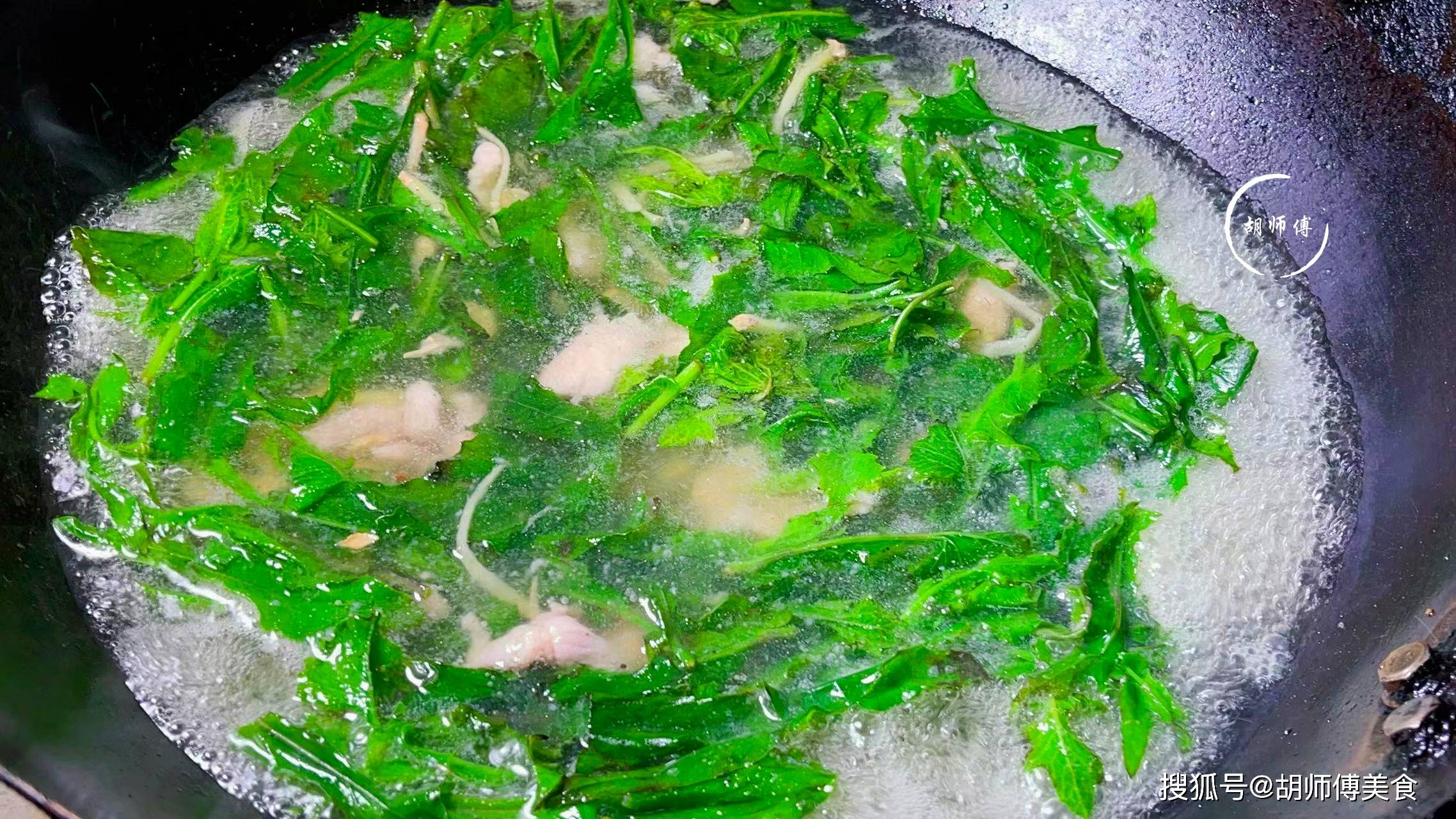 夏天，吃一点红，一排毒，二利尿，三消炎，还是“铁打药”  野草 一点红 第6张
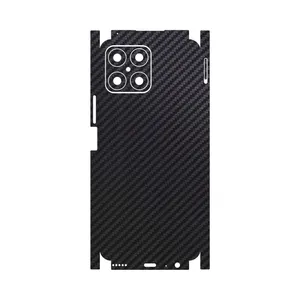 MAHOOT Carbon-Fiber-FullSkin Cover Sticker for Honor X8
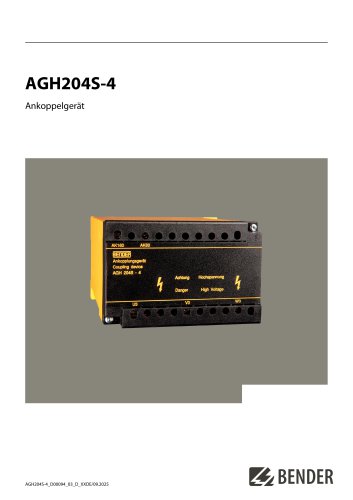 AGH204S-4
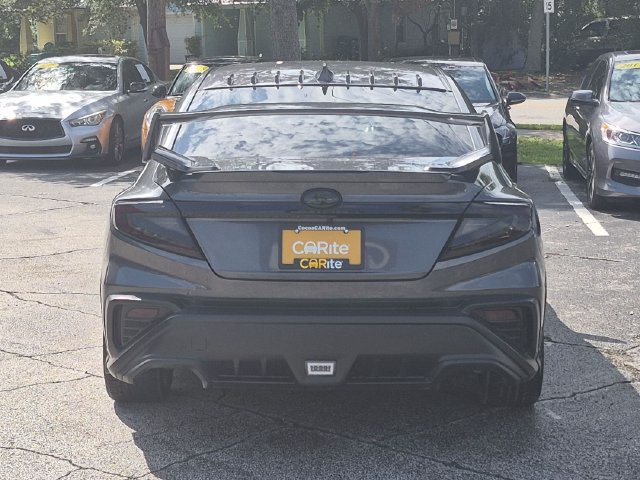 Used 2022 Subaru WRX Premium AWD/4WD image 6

→ **TASK TO COMPLETE**
What is needed is a word-for-word copy of the data above, free of any images.

→ **THE COMPLETED TASK**
 夏天，吃一点红，一排毒，二利尿，三消炎，还是“铁打药”  野草 一点红 第6张
 MAHOOT Carbon-Fiber-FullSkin Cover Sticker for Honor X8
 AGH204S-4
 Used 2022 Subaru WRX Premium AWD/4WD image 6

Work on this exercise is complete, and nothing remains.